Three months later, BNP Paribas launched its service in partnership with Hokodo, a B2B payment platform provider that can integrate with existing checkout platforms via an API. The service provides real-time credit decisions, transaction financing, credit and fraud insurance, and collection capabilities.

Moving Forward

Despite its potential remarkable growth, B2B BNPL still has a few hurdles to overcome. According to the authors of the ADL viewpoint, customer awareness and regulation are the leading concerns, followed by risk assessment, product structures, cross-border trade issues, technology integration, costs and competition.

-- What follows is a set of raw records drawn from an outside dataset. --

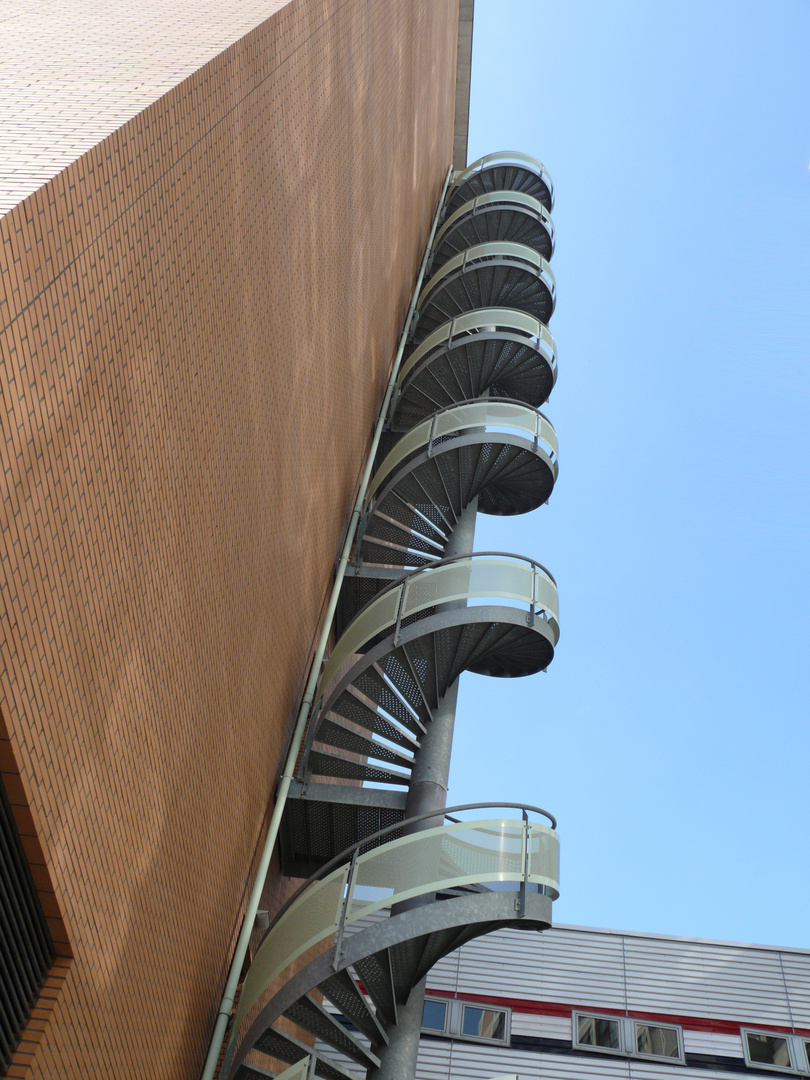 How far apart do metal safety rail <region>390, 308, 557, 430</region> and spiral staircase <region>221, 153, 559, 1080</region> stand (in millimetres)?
38

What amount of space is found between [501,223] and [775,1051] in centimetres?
1827

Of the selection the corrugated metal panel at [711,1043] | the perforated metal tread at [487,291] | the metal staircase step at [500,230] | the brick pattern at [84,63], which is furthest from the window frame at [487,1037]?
the metal staircase step at [500,230]

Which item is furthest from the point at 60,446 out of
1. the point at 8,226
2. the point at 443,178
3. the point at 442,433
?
the point at 443,178

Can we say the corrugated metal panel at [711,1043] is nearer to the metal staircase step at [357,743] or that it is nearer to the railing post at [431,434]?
the metal staircase step at [357,743]

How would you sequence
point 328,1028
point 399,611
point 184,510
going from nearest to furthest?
point 184,510 < point 328,1028 < point 399,611

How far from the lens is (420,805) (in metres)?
11.0

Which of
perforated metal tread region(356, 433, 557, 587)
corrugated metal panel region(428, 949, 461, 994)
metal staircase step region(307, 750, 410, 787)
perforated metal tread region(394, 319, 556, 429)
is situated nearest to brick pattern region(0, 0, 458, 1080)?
metal staircase step region(307, 750, 410, 787)

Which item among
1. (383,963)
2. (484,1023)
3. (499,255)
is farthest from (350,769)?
(499,255)

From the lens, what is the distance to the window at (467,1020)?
51.1 ft

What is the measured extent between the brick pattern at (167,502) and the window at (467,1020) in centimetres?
673

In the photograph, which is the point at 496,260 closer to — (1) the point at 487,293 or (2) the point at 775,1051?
(1) the point at 487,293

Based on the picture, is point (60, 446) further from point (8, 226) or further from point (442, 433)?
point (442, 433)

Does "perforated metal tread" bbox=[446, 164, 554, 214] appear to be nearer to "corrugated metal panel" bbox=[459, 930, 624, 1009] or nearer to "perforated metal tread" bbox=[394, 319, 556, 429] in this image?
"perforated metal tread" bbox=[394, 319, 556, 429]

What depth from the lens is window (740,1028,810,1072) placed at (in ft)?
51.0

“A significant portion of the target market needs to be educated about the benefits and risks of the proposition,” says ADL’s Singh.

According to research by Capgemini, BNPL’s expected adoption rate will remain flat for the next couple of years. In a study of e-commerce shares by checkout method, BNPL garnered a 5% share in 2023 and is forecasted to have a 5% share in 2027. Meanwhile, credit cards, which had a 22% share in 2023, are predicted to shrink to a 15% share over the same period.

As the size of the entire BNPL market increases, regulators are investing more effort in addressing BNPL offerings as separate from typical longer-term interest-bearing loans. However, according to Eric Mitzenmacher, a partner at the law firm Mayer Brown, BNPL-specific regulation remains nascent in many jurisdictions.

“The US—despite being a fertile market for BNPL offerings due to the size of its economy and certain helpful regulatory factors—has one of the more complex and rapidly evolving regulatory environments for BNPLs,” he says. “Many other jurisdictions currently have more permissive environments for BNPL, particularly for BNPLs offered to SMEs versus consumers, with the potential exception of BNPLs offered by banks and similarly regulated financial institutions.”

Singh agrees, saying, “Unlike consumer credit, which has a relatively uniform regulation across jurisdictions, business lending and credit regulations are diverse and fragmented, lacking the same clarity—especially in cross-border scenarios.”

Even with these hurdles, Singh expects B2B BNPL to have a similar adoption curve as its consumer counterpart and gain traction across multiple sectors and transaction types. “As commerce continues to unify across channels and customers demand greater personalization, the reach and impact of B2B BNPL will expand significantly, offering businesses increased flexibility and financial options.”